- Episode no.: Series 8 Episode 12
- Directed by: David Hare
- Written by: David Hare
- Original air date: 10 January 1978

Episode chronology
| ← Previous "Scully's New Year's Eve" | Next → "Red Shift" |

= Licking Hitler =

"Licking Hitler" is the 12th episode of the eighth series of the BBC anthology Play for Today British TV series. The episode was originally broadcast on 10 January 1978. "Licking Hitler" was written and directed by David Hare, produced by David Rose, and starred Kate Nelligan and Bill Paterson. Photography was by Ken Morgan and John Kenway.

"Licking Hitler" is about a black propaganda unit operating in England during World War II. Described as a work of "outstanding and unsettling power", it won the 1978 British Academy Television Award for Best Single Play.

Hare intended the work as a companion piece to his stage play Plenty (staged at the Lyttelton Theatre in April 1978 with Nelligan in the lead role of Susan Trahearne) and he wrote Plenty as he was editing Licking Hitler, scene and scene about. Its theme is similar to that of Plenty: the effect of war on individuals' private lives and treating their experiences as a metaphor for the England of the present.

==Theme==
As with Plenty, the events Hare places in the context of war are intended as a metaphor for the post-war betrayal of the collective ideals of pre-war society, with the necessary deceits of the disinformation broadcaster representing the corrupt values of modern England.

The play's theme is the cruel relationship between Archie, the chief writer for an isolated black propaganda unit broadcasting to Germany in World War II, and his assistant and lover Anna. With the war won and the unit disbanded, neither Anna nor Archie can reconcile themselves to their new, mundane lives. Anna longs for the violent and abusive Archie, and for the excitement and meaning of her former work. Some critics have found this aspect of her character unrealistic, but Hare quotes poet Alan Ross to explain the spirit of the era: "The sadness and sexuality and alcohol were what everyone was wanting ... war was suddenly real and warm ... worth all the suffering and boredom and fear". To this he added his own romantic view of the period, with its undercurrents of violence and sexuality. Feminist writers have attacked the depiction of Anna, the wartime heroine, as flawed in that she passively continues to submit to Archie. Hare dismisses this view as "a clamour for a simpler morality" that fails to take account of his characterisation of a naive, vulnerable woman for whom sensuality is totally strange. It is in this abject predicament that she becomes "the conscience of the play".

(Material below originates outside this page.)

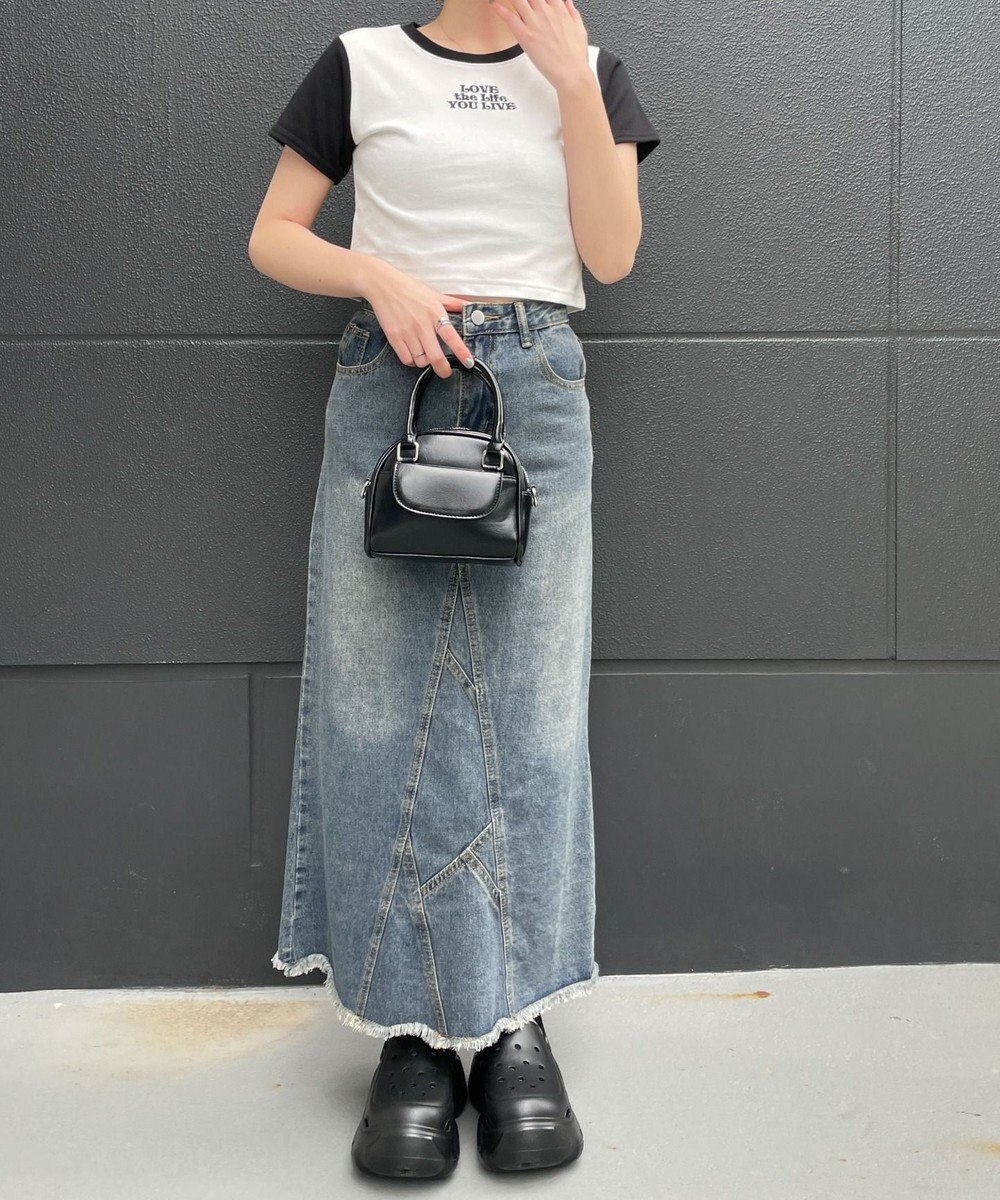 WEGO デザインプリントチビＴ 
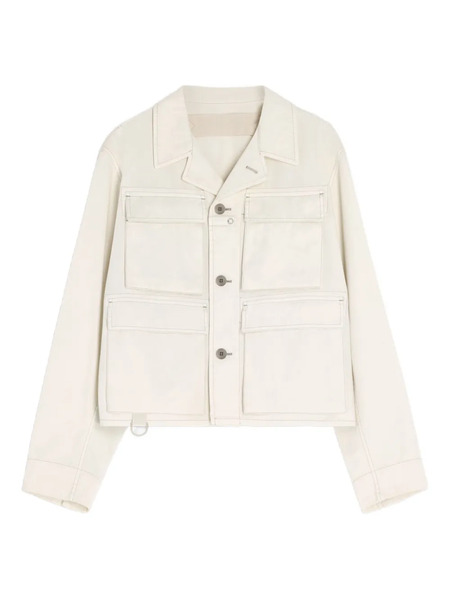  Lemaire Gusseted-pocket Utility Military Jacket - White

After the war Anna establishes herself as a successful advertising copywriter but resents lying for no higher purpose than profit, a situation she comes to look upon as symbolising the post-war political life of England. Archie becomes a campaigning documentary film-maker, but he soon declines into a writer and director of derivative and poorly regarded action films.

==Factual basis==
Hare's immediate inspiration for the work was a chance encounter with Sefton Delmer, a former adviser to Winston Churchill and wartime broadcaster to Germany from Soldatensender Calais. Delmer's book Black Boomerang provided the factual basis for the play. The character John Fennel's pragmatic attitude to lying when necessary was based on the methods of Richard Crossman, head of the German section of the Political Warfare Executive. Using the same technique Hare was to develop for his later "verbatim theatre" pieces, such as The Permanent Way, he travelled Britain interviewing former propagandists and broadcasters to enhance his script.

==Characters==
- Kate Nelligan as Anna Seaton
- Bill Paterson as Archie MacLean
- Hugh Fraser as Will Langley
- Clive Revill as John Fennel
- Brenda Fricker as Eileen Graham
- Michael Mellinger as Karl
- George Herbert as Herr Jungke
- Patrick Monckton as Allardyce
- Jonathan Coy as Lotterby

==Production==
The film was shot during the summer of 1977 at Compton Verney House, Warwickshire. This was Hare's first work behind the camera and he deliberately restricted himself to such camera techniques as were available in the 1940s. He notes that, as the writer, he had a clear idea of how scenes would relate to each other and so he shot no spare footage to allow for any adjustments while editing—a "highly dangerous" method—preventing subsequent editorial interference and allowing actors to shoot a scene continuously.